The hearing on April 9th will be only the first of several, if the bill moves forward, but will set the tone for debate on the bill.
Here’s what you can do:
Testify in person at the hearing in Sacramento on April 9th. (Witnesses typically are allowed only 2-3 minutes each at the open mike at a hearing like this, but while you are in Sacramento you can visit your state Senator and Assembly representative to ask them to oppose SB-1081. If you have more than you can say in two minutes, you can submit a more detailed statement in advance, and summarize it in person, which calls more attention to your written submission.)
Organizations (including California and national organizations) and individuals can submit letters of opposition to SB-1081 by April 1st.
Californians can contact your state Senators and Assembly members (at their district offices if you can’t make it to Sacramento), to urge them to oppose SB-1081 or any similar bill in the Assembly. It’s especially important to contact members of the Senate and Assembly Transportation Committees.
Written testimony or statements can be submitted by individuals or organizations until April 1, 2024. Typically all organizations submitting position statements for or against a bill are listed in the report published by the legislative analyst and attached to the bill, so it’s useful to send a statement recording your opposition, even if you say only, “Our organization opposes SB-1081.”

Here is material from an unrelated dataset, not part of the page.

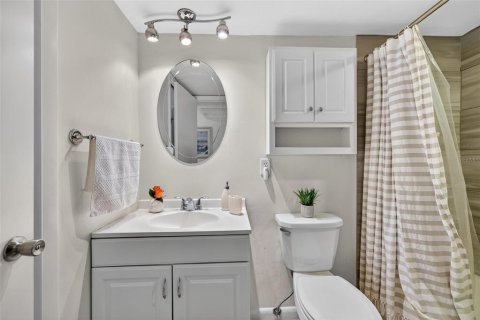 Condo in Sarasota, Florida, 1 bedroom  № 2221771 - photo 24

To submit a letter, you need to create an account on the Web-based advocacy portal for the California legislature. No letters are accepted by e-mail. See these guidelines for position letters. Individual letters must include your name and address. Organizational letters must include the name of a contact person. To be counted, letters must refer to SB-1081 and state explicitly that you “oppose” this bill (even if your opposition to the bill should be obvious from your statement).

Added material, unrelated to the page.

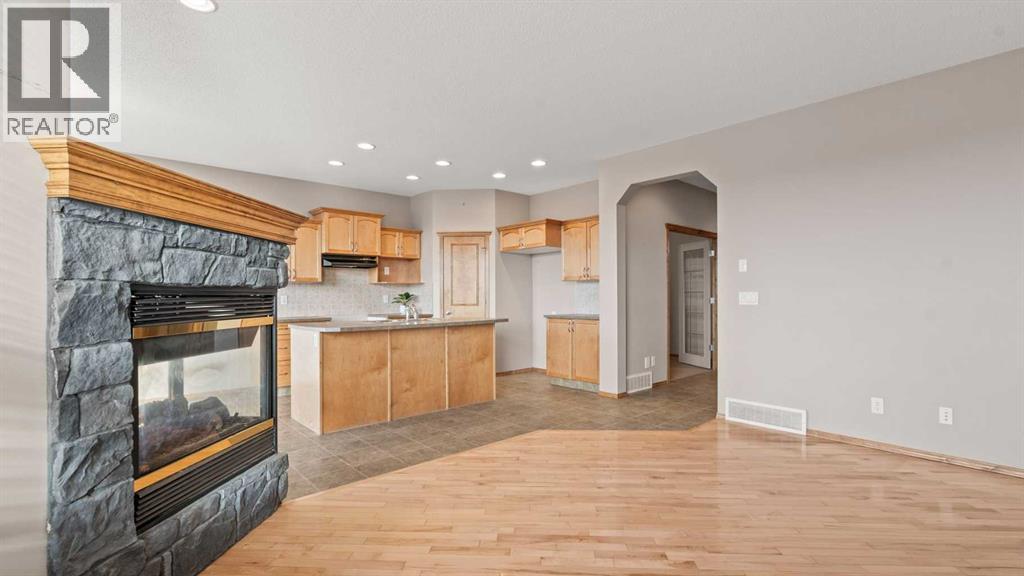 99 Tuscany Ridge Terrace Nw, Calgary, Alberta  T3L 3A6 - Photo 4 - A2278869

Here’s a legal analysis and critique of SB 1081 submitted to the legislature by the Military Law Task Force of the National Lawyers Guild, and a shorter summary of talking points in opposition to SB-1081.
Of course being opposed to war and conscription are sufficient reasons to oppose preparations for a military draft. But there are many reasons, even for those who aren’t per se antiwar, why this and similar laws in other states are a bad idea.
Let me count the ways:
1. Draft registration is a failure. Linking it to California driver’s licenses won’t salvage it.
An actual draft requires a complete and accurate database of names and current addresses for provable delivery of induction notices. Men ages 18-26 are required to notify the Selective Service System (SSS) within 10 days of any change of address, but few young men do. The SSS exaggerates compliance by counting as “in compliance” anyone who ever registers, even if they register years late and/or move without notifying the SSS. At a Congressional hearing in 2021, the Chair of the House Armed Services Committee noted that, “Under the law you are required to basically let the government know where you are between the ages of 18 and 26, which I can assure you virtually nobody does.”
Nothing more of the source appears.